Сестрица Ми вовремя подоспела на помощь. Она двумя пальцами легко забрала купюру, а потом сдержанно произнесла:
— Огромное спасибо, господин! Ваши ботинки и правда непросто было привести в божеский вид, так что моя сотрудница потрудилась на славу. Разумеется, в нашем заведении принимают чаевые. Где ж это видано, чтоб в сфере обслуживания не принимали чаевые? Это же неуважение к клиенту! Вы очень щедры, а она просто молода и ничего не понимает, кроме того, искренне боится, что клиент слишком
Ло Лянцзи в смятении кивнул, но не двинулся с места.

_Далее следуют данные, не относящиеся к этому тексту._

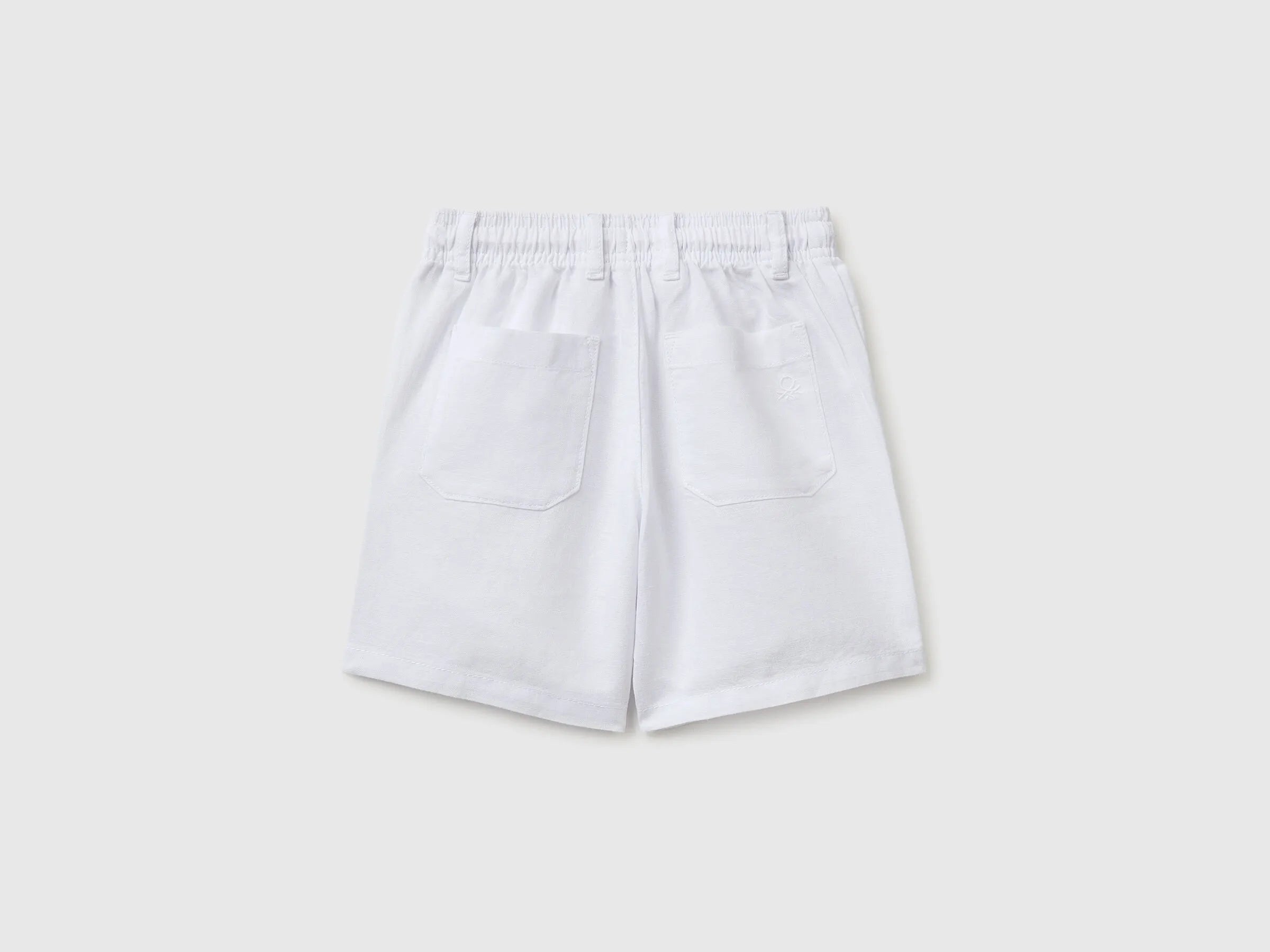 Benetton White Boys Linen Blend Shorts SKU: 43WBG9039_101 Image 02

Фэн Чунь уже сорвала перчатки и выбросила в мусорку. Теперь можно было рассмотреть ее руки — бледные и влажные от долгого ношения перчаток; на тыльной стороне ладони вены казались нарисованными тушью, но и в них ему виделась какая-то жалостливая красота. Ло Лянцзи не мог отвести от них взгляд: сегодня все ему представлялось удивительно очаровательным!
Заметив это, сестрица Ми принялась тушить пожар с еще большей интенсивностью. Она притянула к себе Фэн Чунь и заявила:
— Ладно! Вы, господин, не переживайте! Она стесняется принять у вас деньги, но я обо всем позабочусь. Ее сын любит есть в «Макдоналдсе», так что я его туда отведу. Я раньше служила в армии и привыкла говорить открыто и честно, как на духу. Так вот, хочу сказать, что вы огромный молодец, братишка, желаю вам всего наилучшего и успехов в делах! Насколько я вижу, вы не местный, а потому хорошей вам дороги и счастливого воссоединения с семьей. Всего доброго!

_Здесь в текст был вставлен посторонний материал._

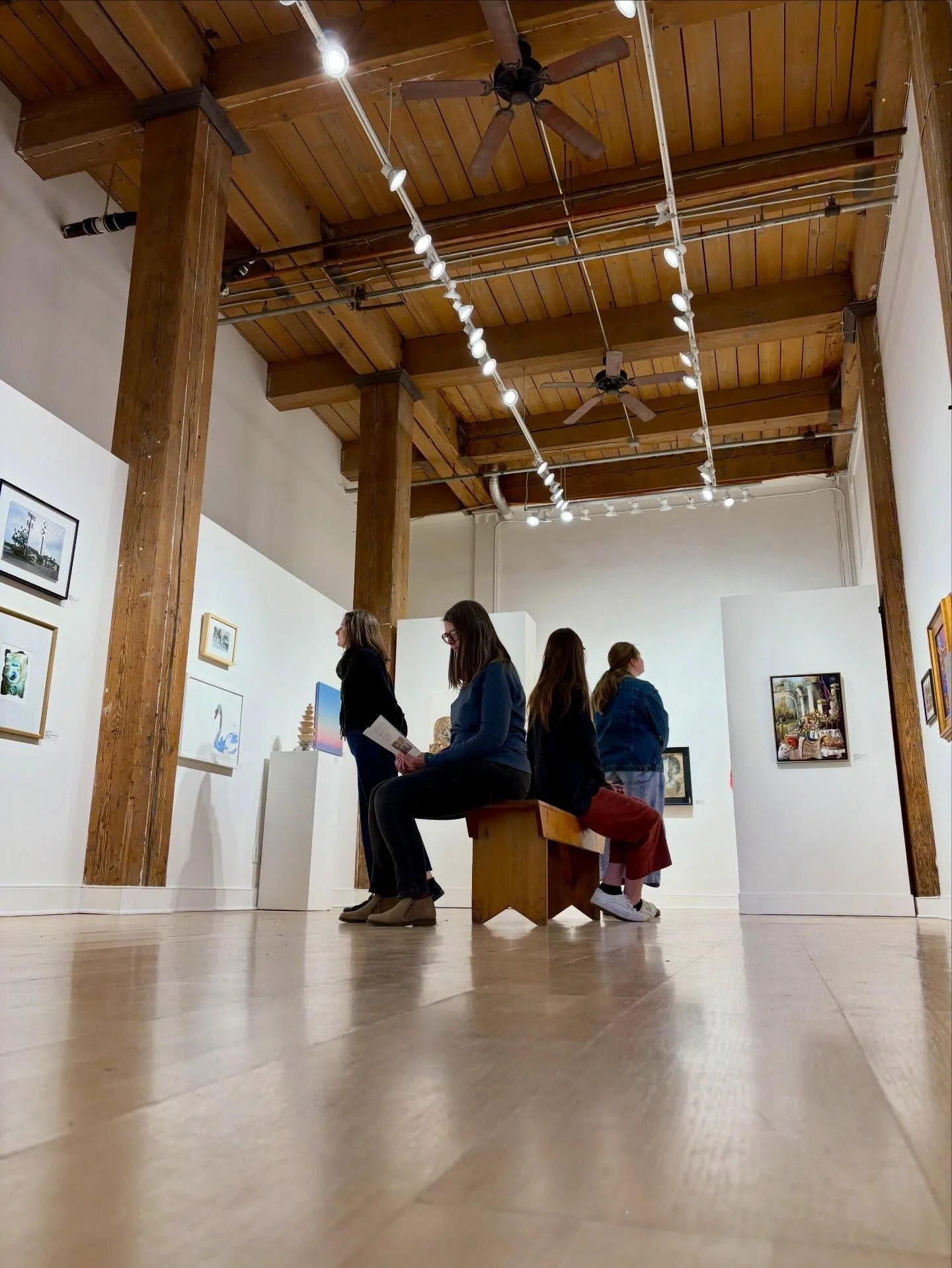 We love when the gallery fills with fresh eyes. Thanks to St. Kate&rsquo;s professor Amy K. Hamlin, and her 2026 Student Creative Showcase students for spending time at the gallery today to view Open Loop 2026: Among and Between &mdash; the questions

При словах «ее сын» сестрица Ми жестом показала, какого роста мальчик, тем самым подчеркнув роль Фэн Чунь как жены и матери. Сестрица Ми понимала: упоминая детей и семью, всячески выпячивая реальность, она наносит мощный удар волшебным оружием. Реальность — непроницаемая стена, о которую разбивается любая фантазия. Сестрица Ми ловко все придумала и убила двух зайцев одним выстрелом: ее высказывание привело в чувство Фэн Чунь и Ло Лянцзи, которые на время забыли о наличии у них семей. Ло Лянцзи явно не мог соперничать с сестрицей Ми. Целая гамма эмоций отразилась на его лице — смущение, неловкость, стыд, сожаление. Он покраснел и, не придумав ничего лучше, промямлил «до свидания» и вышел из лавки. Фэн Чунь остолбенела, потом закрыла лицо руками, развернулась и бросилась в подсобку.

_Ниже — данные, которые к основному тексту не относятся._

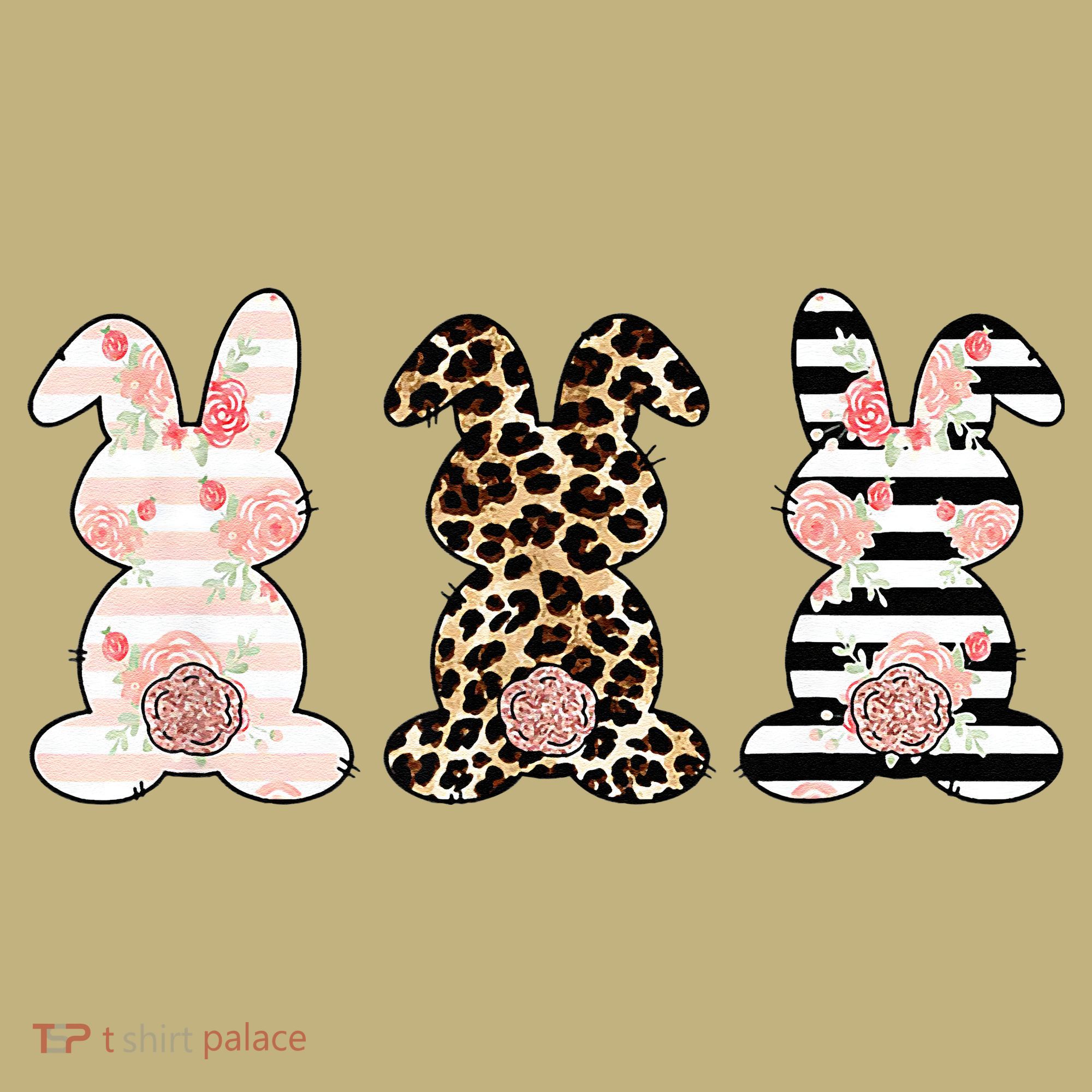 Leopard Easter Bunny Rabbit Trio Cute Easter Kids T-Shirt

Поскольку лавка сестрицы Ми совсем крошечная, то подсобка отделена от основного помещения простой занавеской с набивным узором. Обычно работницам разрешается заходить туда лишь во время обеда. Подсобка — малюсенький пятачок — предназначена для приготовления пищи и битком набита кастрюлями, сковородками и мисками. За долгие годы все тут прокоптилось до черноты. Позади кухонной раковины виднеется лестница — настолько узенькая, что двум людям на ней не разойтись. В подсобке нет света, он включается только тогда, когда свекровь сестрицы Ми спускается, чтобы что-то приготовить. Ключевое правило: какой бы тесной ни была комнатенка, это частная территория сестрицы Ми и ее родных, а не место общественного пользования. Как говорится, каждый сверчок знай свой шесток. Хозяйка — это хозяйка, а работники — это работники, и они не у себя дома.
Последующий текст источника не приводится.